- **Problem description**: Repeat the lines of the data exactly and exclude any picture among them.

Captioned web image data:
___
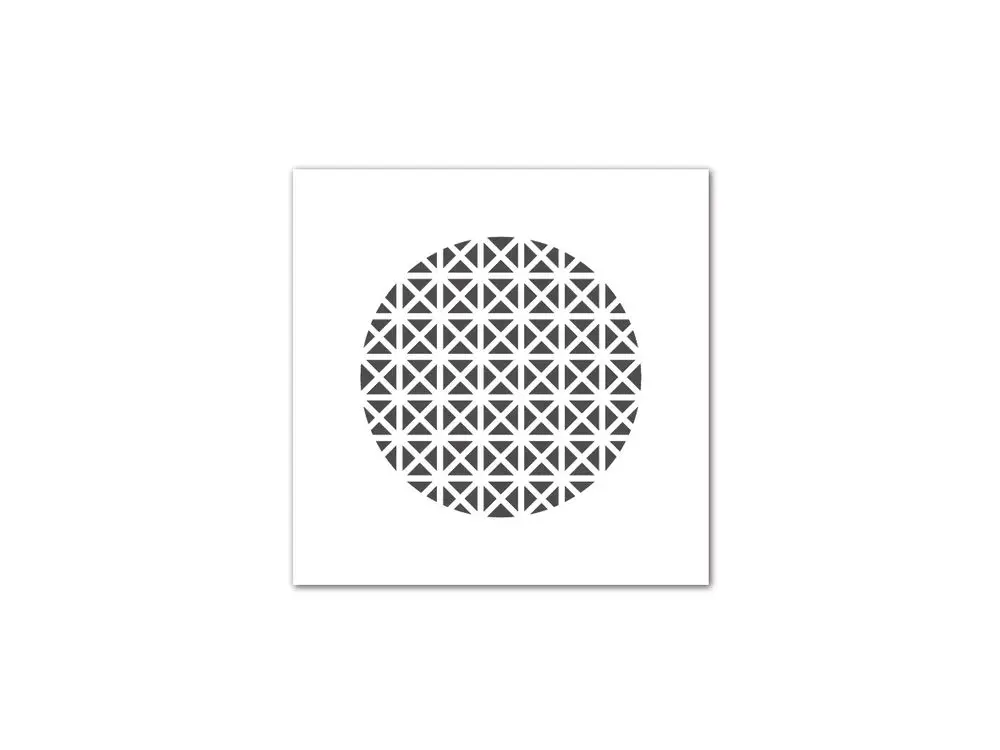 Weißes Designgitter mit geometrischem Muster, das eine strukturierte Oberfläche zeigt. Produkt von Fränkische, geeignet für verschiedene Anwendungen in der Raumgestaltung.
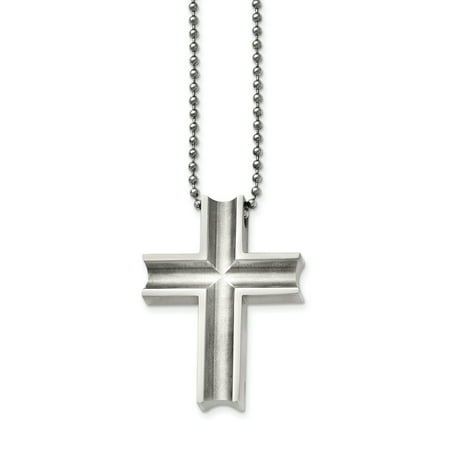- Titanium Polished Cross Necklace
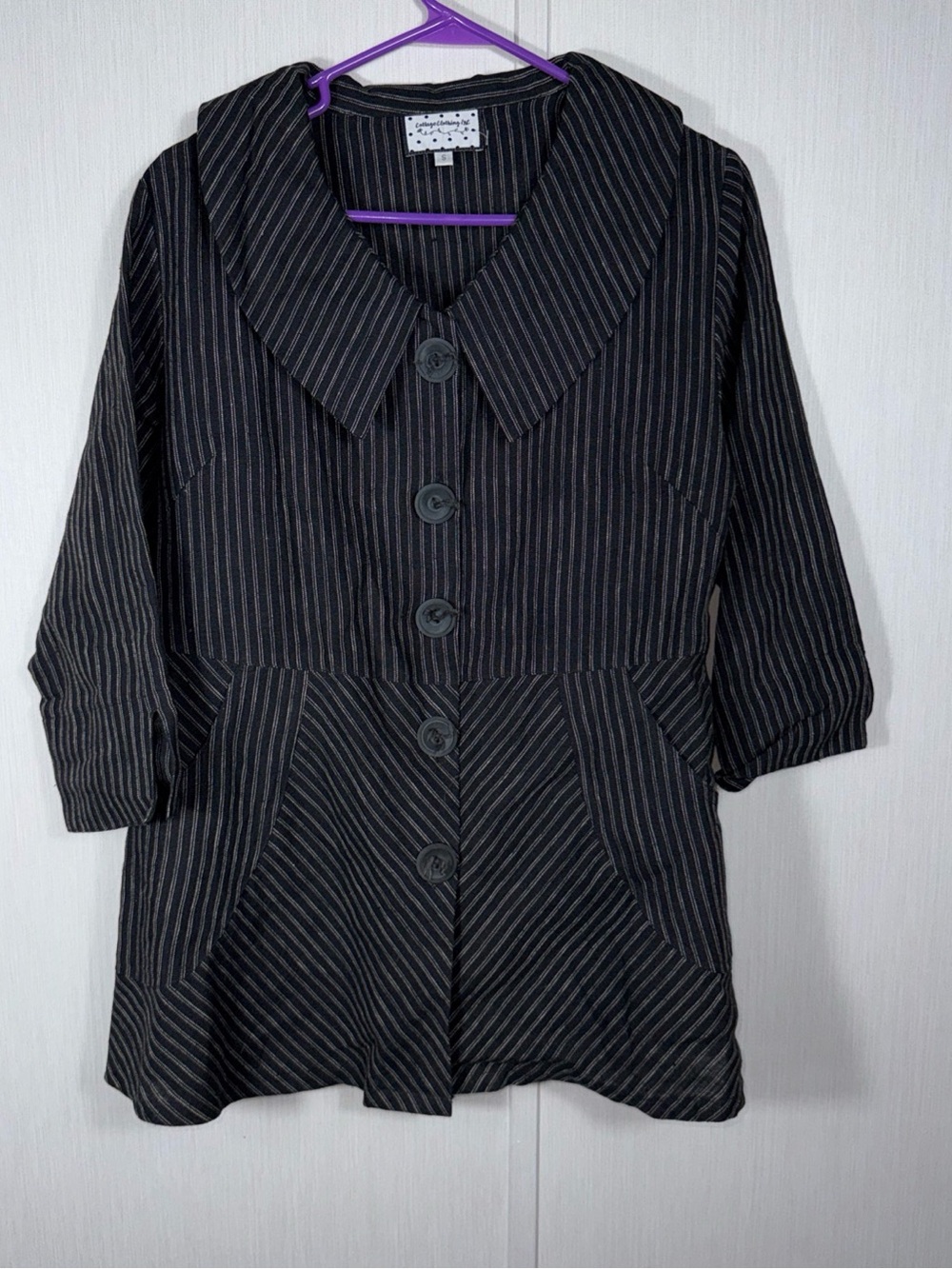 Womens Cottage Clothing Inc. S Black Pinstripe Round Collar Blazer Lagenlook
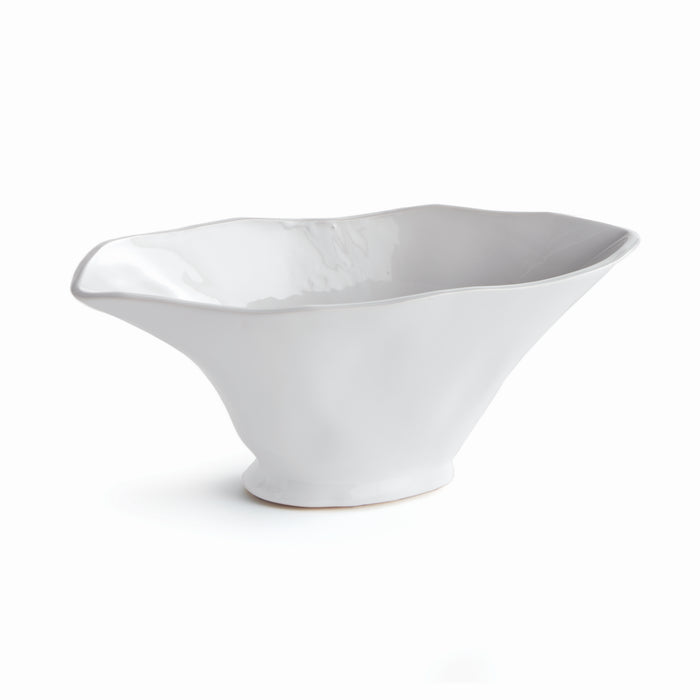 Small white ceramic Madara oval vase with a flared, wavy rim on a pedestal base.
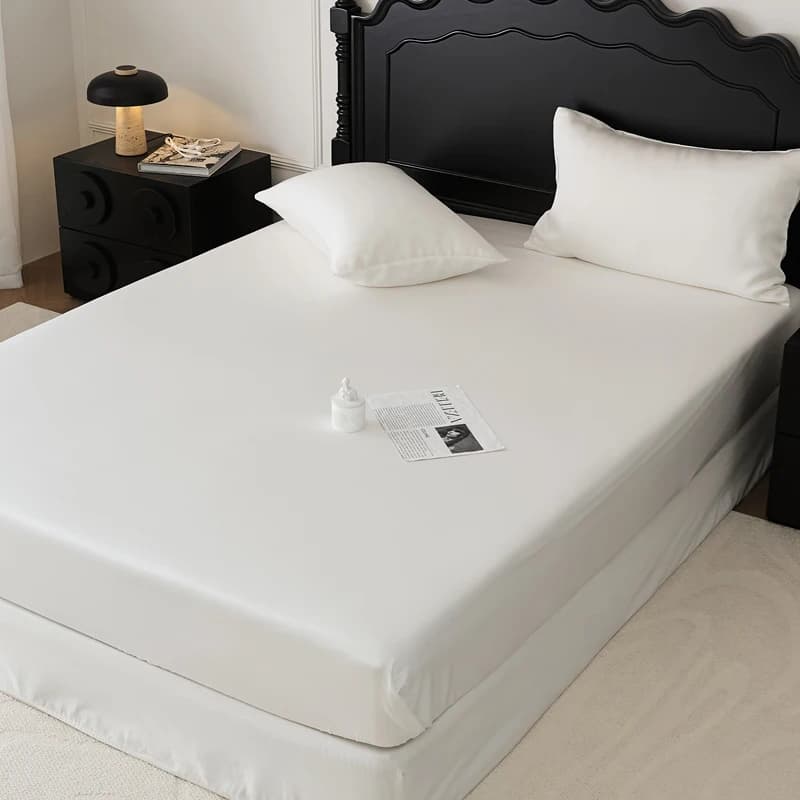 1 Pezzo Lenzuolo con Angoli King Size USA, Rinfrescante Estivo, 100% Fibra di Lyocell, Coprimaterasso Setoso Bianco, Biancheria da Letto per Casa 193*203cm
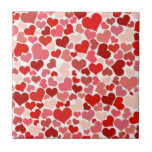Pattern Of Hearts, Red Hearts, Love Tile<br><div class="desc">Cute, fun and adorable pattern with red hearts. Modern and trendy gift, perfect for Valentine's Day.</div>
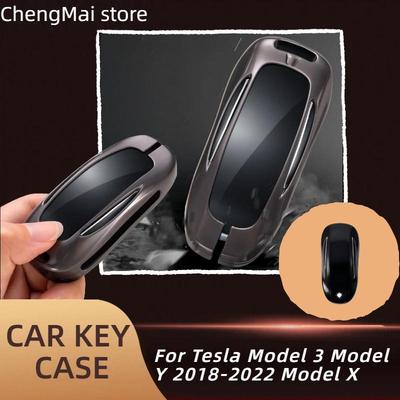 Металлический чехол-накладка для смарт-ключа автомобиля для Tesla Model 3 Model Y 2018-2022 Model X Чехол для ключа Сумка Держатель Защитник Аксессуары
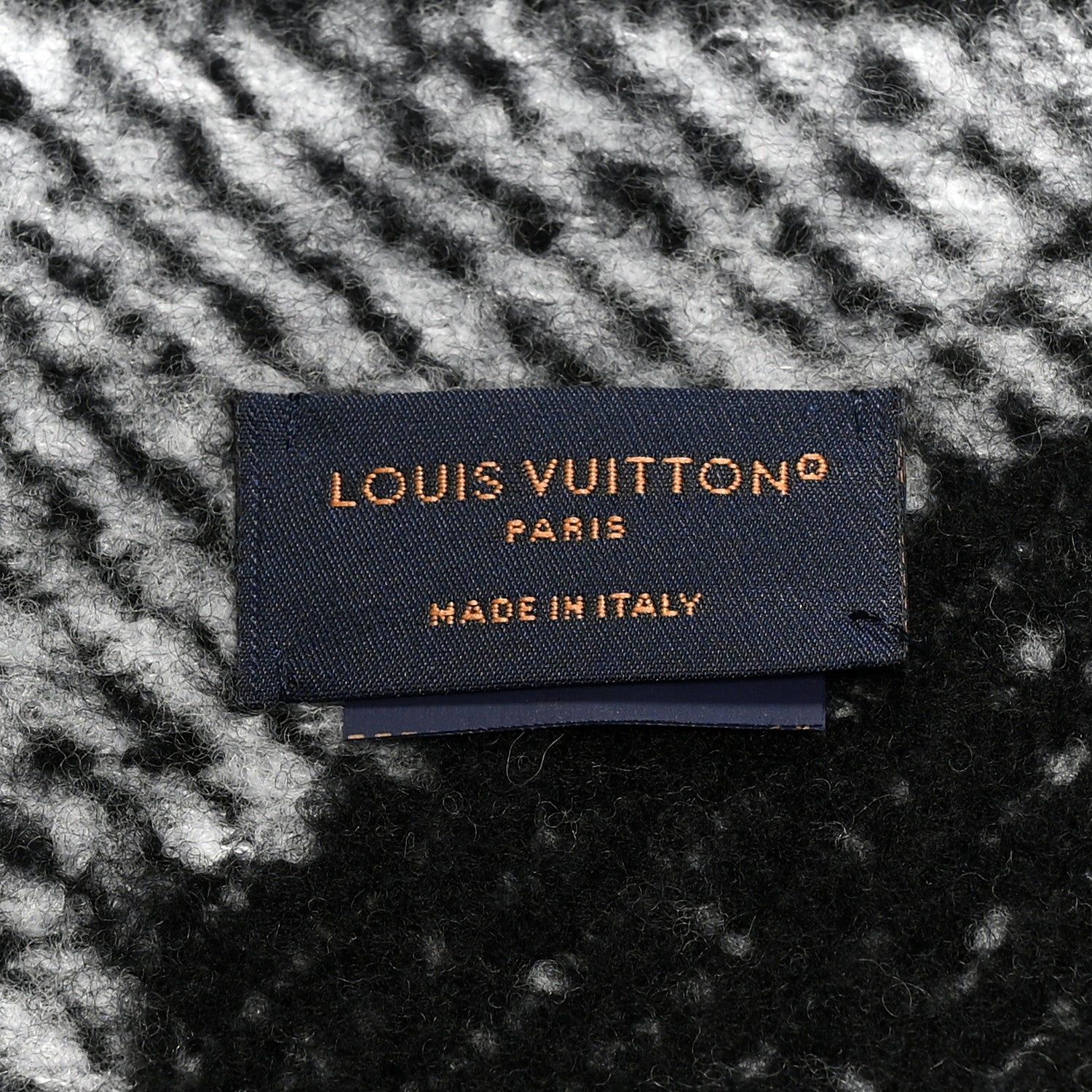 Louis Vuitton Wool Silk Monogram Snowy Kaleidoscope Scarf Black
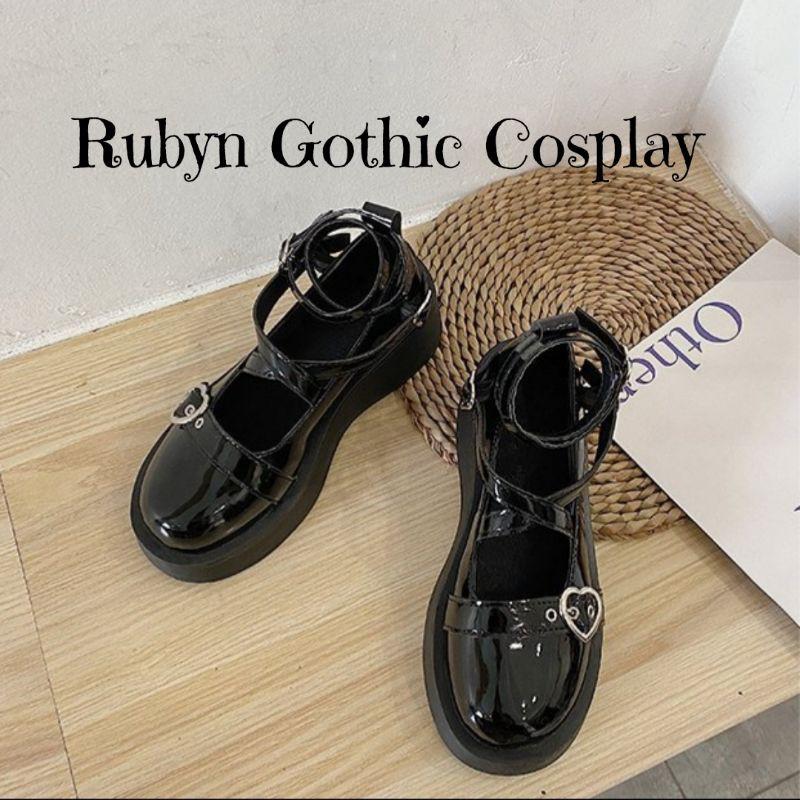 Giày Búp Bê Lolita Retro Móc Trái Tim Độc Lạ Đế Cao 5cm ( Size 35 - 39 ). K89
___
- **Answer space**:
 Weißes Designgitter mit geometrischem Muster, das eine strukturierte Oberfläche zeigt. Produkt von Fränkische, geeignet für verschiedene Anwendungen in der Raumgestaltung.
- Titanium Polished Cross Necklace
 Womens Cottage Clothing Inc. S Black Pinstripe Round Collar Blazer Lagenlook
 Small white ceramic Madara oval vase with a flared, wavy rim on a pedestal base.
 1 Pezzo Lenzuolo con Angoli King Size USA, Rinfrescante Estivo, 100% Fibra di Lyocell, Coprimaterasso Setoso Bianco, Biancheria da Letto per Casa 193*203cm
Pattern Of Hearts, Red Hearts, Love Tile<br><div class="desc">Cute, fun and adorable pattern with red hearts. Modern and trendy gift, perfect for Valentine's Day.</div>
 Металлический чехол-накладка для смарт-ключа автомобиля для Tesla Model 3 Model Y 2018-2022 Model X Чехол для ключа Сумка Держатель Защитник Аксессуары
 Louis Vuitton Wool Silk Monogram Snowy Kaleidoscope Scarf Black
 Giày Búp Bê Lolita Retro Móc Trái Tim Độc Lạ Đế Cao 5cm ( Size 35 - 39 ). K89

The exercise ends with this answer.